Pokok-pokok Bahasan:

I. Syarat-syarat Marja’ Taqlid

II. Tab’idh (Parsial) dalam Taklid

I. Syarat-syarat Marja’ Taqlid

Seseorang dapat menjadi marja’ taqlid dan bisa ditaklid jika memenuhi syarat-syarat sebagai berikut:

1.       Laki-laki

2.       Balig

3.       Berakal sehat

4.       Bermazhab Syi’ah Imamiyah

5.       Bukan anak di luar nikah

6.       Secara ihtiyath wajib, masih hidup

7.       Adil

8.       Mengingat pentingnya kedudukan marja’iyah dalam masalah fatwa, maka secara ihtiyath wajib seorang marja’ harus bersifat zuhud, warak dan tidak rakus terhadap materi duniawi

9.       Mujtahid

10.     Secara ihtiyath wajib, harus a’lam (paling pandai) dari para mujtahid lainnya. (Ajwibah al-Istifta’at, No. 12, 15, 16, 21 dan 22, dan Istifta’ dari Kantor Rahbar, Bab Taklid, Masalah 2)

Penjelasan:

1. Syarat ke-7

1.       Adil adalah kondisi jiwa yang dapat mendorong seseorang untuk senantiasa bertakwa sehingga ia tidak mungkin meninggalkan hal-hal yang diwajibkan dan melakukan hal-hal yang diharamkan. (Ajwibah al-Istifta’at, No. 562)

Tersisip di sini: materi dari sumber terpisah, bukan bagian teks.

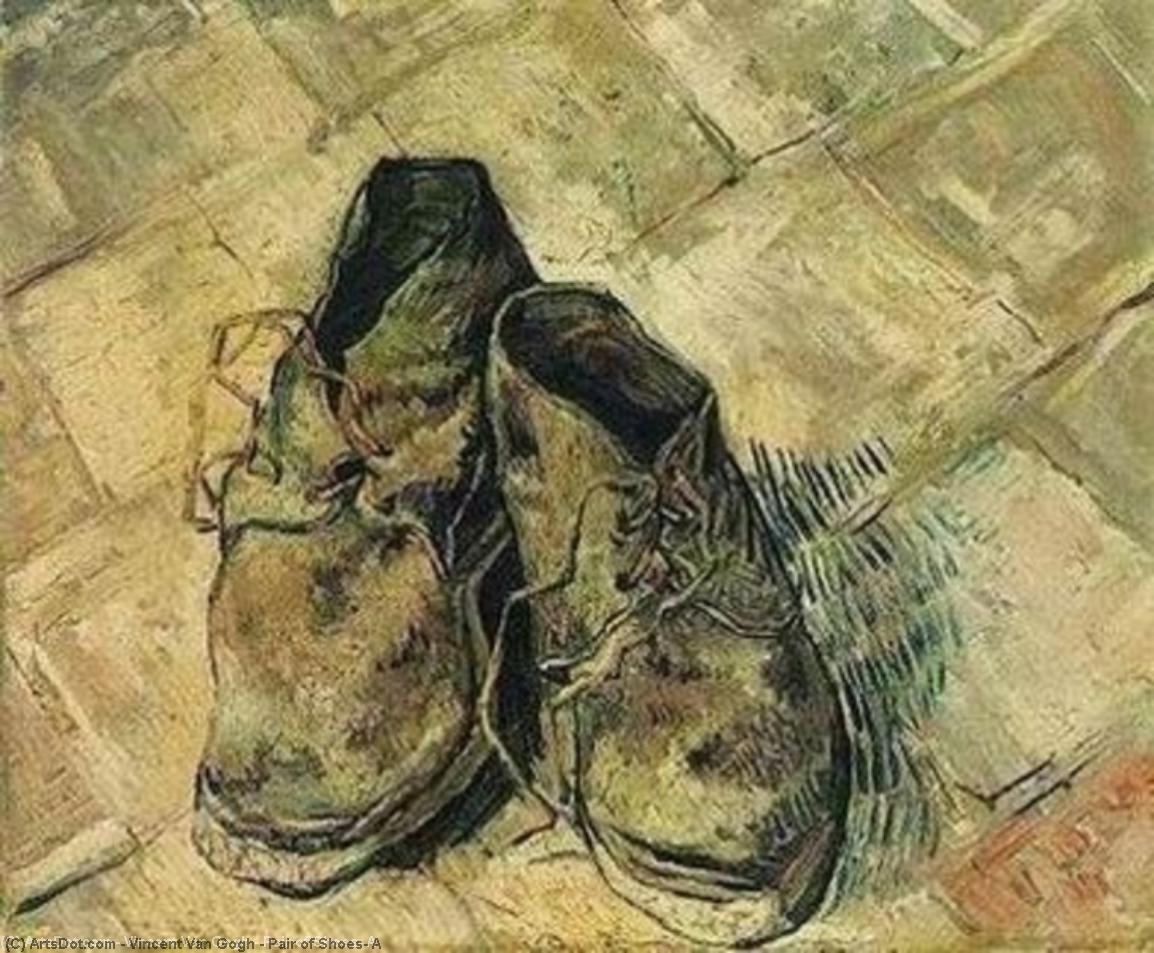 WikiOO.org - Encyclopedia of Fine Arts - Maľba, Artwork Vincent Van Gogh - Pair of Shoes, A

2.       Seseorang dikatakan adil apabila menyandang sifat tersebut. Dengan ungkapan lain bahwa ketakwaannya sampai kepada tingkatan yang ia tidak akan melakukan dosa dan maksiat (meninggalkan hal-hal yang wajib atau melakukan hal-hal yang haram) dengan sengaja. (Ajwibah al-Istifta’at, No. 13, dan Istifta’ dari Kantor Rahbar, Bab Taklid, Masalah 2)

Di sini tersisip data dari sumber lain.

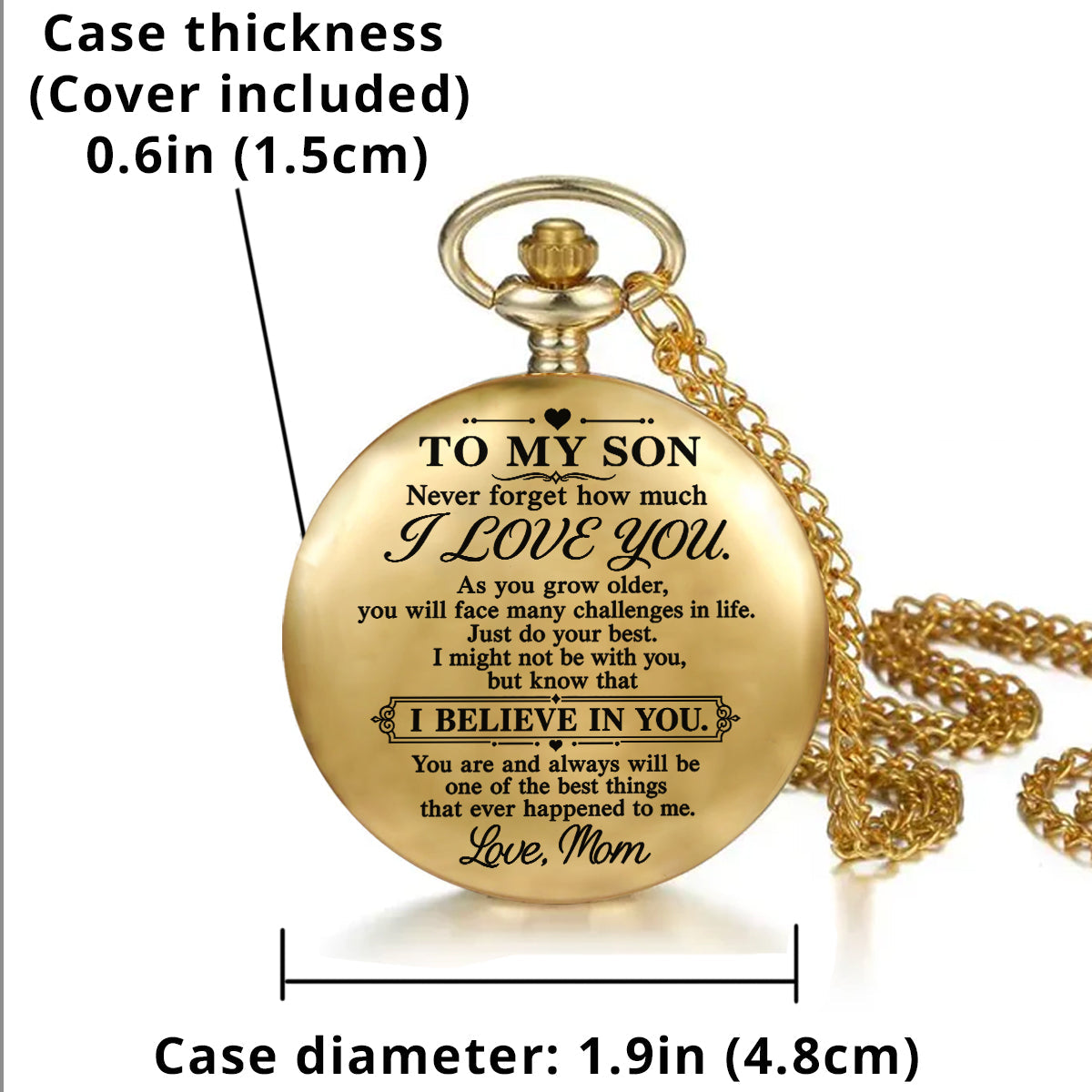 Do Your Best - Personalized Print Pocket Watch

3.       Untuk menilai keadilan seseorang, cukup hanya dengan memerhatikan kebaikan lahiriahnya saja. (Ajwibah al-Istifta’at, No. 562)

2. Syarat ke-9

1.       Ijtihad dari satu sisi terbagi kepada dua bagian:

a.       Ijtihad mutlak: kemampuan ijtihad untuk berfatwa dalam seluruh masalah fikih. Orang yang memiliki kemampuan itu disebut sebagai “mujtahid mutlak”.

b.       Ijtihad mutajazzi: kemampuan ijtihad untuk berfatwa dalam sebagian bab fikih saja seperti salat, puasa dan lainnya. Orang itu disebut sebagai  “mujtahid mutajazzi”. (Ajwibah al-Istifta’at, No. 10)

2.       Fatwa seorang mujtahid mutlak selain merupakan hujah bagi dirinya, orang lain pun dapat bertaklid kepadanya. Begitu pula dengan fatwa mujtahid mutajazzi. Tetapi secara ihtiyath mustahab hendaknya tidak bertaklid kepada mujtahid mutajazzi. (Ajwibah al-Istifta’at, No. 10)

3. Syarat ke-10

1.       Yang dimaksud a’lam (lebih pandai) adalah bahwa seseorang itu lebih mampu dalam melakukan ijtihad. Dengan kata lain, dia lebih mampu dalam mengetahui hukum-hukum Ilahi dibandingkan dengan para mujtahid lainnya dan lebih mengetahui dalil-dalilnya dalam berijtihad. Di samping itu pula, ia lebih mengetahui kondisi zamannya yang memengaruhinya dalam menentukan objek-objek hukum. (Ajwibah al-Istifta’at, No. 16, dan Istifta’ dari Kantor Rahbar, Bab Taklid, Masalah 2)

2.       Dalil diwajibkan bertaklid kepada mujtahid yang a’lam adalah berdasarkan tingkah laku ‘uqala’ (orang-orang yang berakal) dan hukum akal. (Ajwibah al-Istifta’at, No. 20)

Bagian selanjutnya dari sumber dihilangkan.